A análise específica dessas novas regras codificadas, com a tentativa de apontar qual foi a intenção do legislador na sua elaboração, constitui o cerne da obra “Problemas de Direito Intertemporal no Código Civil” , recém publicada pela Editora Saraiva, e onde discorremos sobre os principais artigos que integram o Livro Complementar, especialmente aqueles mais propensos a gerar controvérsias, procurando mostrar o sentido e o âmbito de sua abrangência, à luz dos princípios da retroatividade, da eficácia imediata e da irretroatividade das normas, ao tempo em que demonstramos a sua absoluta compatibilidade com as construções doutrinárias e com as cláusulas constitucionais e infraconstitucionais que explicam e protegem o ato jurídico perfeito, o direito adquirido e a coisa julgada,.
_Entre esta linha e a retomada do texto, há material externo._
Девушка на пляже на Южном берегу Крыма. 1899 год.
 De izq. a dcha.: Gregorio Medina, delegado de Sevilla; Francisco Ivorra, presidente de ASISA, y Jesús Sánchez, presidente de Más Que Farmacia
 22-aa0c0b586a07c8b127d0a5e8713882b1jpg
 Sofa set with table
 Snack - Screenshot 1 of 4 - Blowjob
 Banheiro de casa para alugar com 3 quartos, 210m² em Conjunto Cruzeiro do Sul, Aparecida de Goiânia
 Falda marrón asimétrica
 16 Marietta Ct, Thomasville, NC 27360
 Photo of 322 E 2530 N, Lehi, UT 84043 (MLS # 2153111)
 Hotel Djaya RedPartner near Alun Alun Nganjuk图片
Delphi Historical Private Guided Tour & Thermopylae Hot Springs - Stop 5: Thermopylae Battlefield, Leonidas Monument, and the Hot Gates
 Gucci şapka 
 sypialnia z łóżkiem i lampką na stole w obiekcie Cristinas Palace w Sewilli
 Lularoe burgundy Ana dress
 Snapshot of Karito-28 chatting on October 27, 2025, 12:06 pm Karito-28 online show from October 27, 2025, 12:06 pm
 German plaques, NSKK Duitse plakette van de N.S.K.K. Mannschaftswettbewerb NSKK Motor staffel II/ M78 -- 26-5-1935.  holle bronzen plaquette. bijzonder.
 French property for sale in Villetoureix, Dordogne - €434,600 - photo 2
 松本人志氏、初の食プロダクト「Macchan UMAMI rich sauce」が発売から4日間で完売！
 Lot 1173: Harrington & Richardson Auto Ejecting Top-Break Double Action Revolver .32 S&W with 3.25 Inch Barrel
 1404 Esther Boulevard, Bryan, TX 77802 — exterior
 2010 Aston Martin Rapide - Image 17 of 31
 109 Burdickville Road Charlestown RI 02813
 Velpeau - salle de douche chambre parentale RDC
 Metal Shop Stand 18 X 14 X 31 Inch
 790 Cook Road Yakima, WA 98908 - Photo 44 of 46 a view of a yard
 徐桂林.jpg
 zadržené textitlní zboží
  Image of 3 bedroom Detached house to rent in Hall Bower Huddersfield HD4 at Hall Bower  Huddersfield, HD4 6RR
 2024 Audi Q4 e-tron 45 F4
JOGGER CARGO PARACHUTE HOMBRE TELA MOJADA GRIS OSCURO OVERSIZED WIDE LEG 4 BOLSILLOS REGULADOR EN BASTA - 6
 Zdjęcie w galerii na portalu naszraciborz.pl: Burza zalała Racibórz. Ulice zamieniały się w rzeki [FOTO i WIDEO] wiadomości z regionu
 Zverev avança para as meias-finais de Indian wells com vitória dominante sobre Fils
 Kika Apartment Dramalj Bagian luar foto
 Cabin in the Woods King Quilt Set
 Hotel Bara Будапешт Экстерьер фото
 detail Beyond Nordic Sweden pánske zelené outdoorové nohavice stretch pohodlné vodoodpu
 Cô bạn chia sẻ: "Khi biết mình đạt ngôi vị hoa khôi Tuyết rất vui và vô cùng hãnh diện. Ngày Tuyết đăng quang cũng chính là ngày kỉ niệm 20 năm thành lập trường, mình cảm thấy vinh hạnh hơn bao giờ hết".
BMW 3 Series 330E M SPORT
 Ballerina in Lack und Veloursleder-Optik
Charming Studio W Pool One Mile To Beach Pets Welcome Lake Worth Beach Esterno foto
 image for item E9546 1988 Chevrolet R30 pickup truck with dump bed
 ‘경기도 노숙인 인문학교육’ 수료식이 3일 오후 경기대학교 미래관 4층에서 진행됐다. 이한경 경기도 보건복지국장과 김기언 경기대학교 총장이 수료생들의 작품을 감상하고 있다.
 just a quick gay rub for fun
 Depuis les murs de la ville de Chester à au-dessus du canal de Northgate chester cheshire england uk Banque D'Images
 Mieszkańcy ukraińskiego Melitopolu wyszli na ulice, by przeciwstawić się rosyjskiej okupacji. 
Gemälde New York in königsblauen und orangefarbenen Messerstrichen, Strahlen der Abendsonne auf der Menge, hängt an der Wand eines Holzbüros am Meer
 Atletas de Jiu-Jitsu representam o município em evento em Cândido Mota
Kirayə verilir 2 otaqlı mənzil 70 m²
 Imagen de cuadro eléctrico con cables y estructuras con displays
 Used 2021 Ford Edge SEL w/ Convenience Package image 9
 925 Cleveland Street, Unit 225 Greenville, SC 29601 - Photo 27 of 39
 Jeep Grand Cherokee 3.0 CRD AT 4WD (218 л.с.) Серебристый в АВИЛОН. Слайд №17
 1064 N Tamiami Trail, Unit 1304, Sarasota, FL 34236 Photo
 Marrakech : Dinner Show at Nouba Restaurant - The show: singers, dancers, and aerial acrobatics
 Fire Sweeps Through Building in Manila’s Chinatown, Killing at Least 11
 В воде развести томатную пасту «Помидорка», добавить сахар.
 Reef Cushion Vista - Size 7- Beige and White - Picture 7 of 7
Sustentamos que o novo Código, em determinadas situações, poderá regular os efeitos futuros de fatos ou situações jurídicas que já existiam antes do início de sua vigência, bem como modificar determinados efeitos produzidos no passado ou mesmo permitir que se criem novas situações com base em fatos acontecidos anteriormente. 
Esperamos que a referida obra constitua efetiva a contribuição para todos aqueles preocupados em solucionar os diversos problemas de ordem intertemporal surgidos a partir da entrada em vigor do novo Código Civil.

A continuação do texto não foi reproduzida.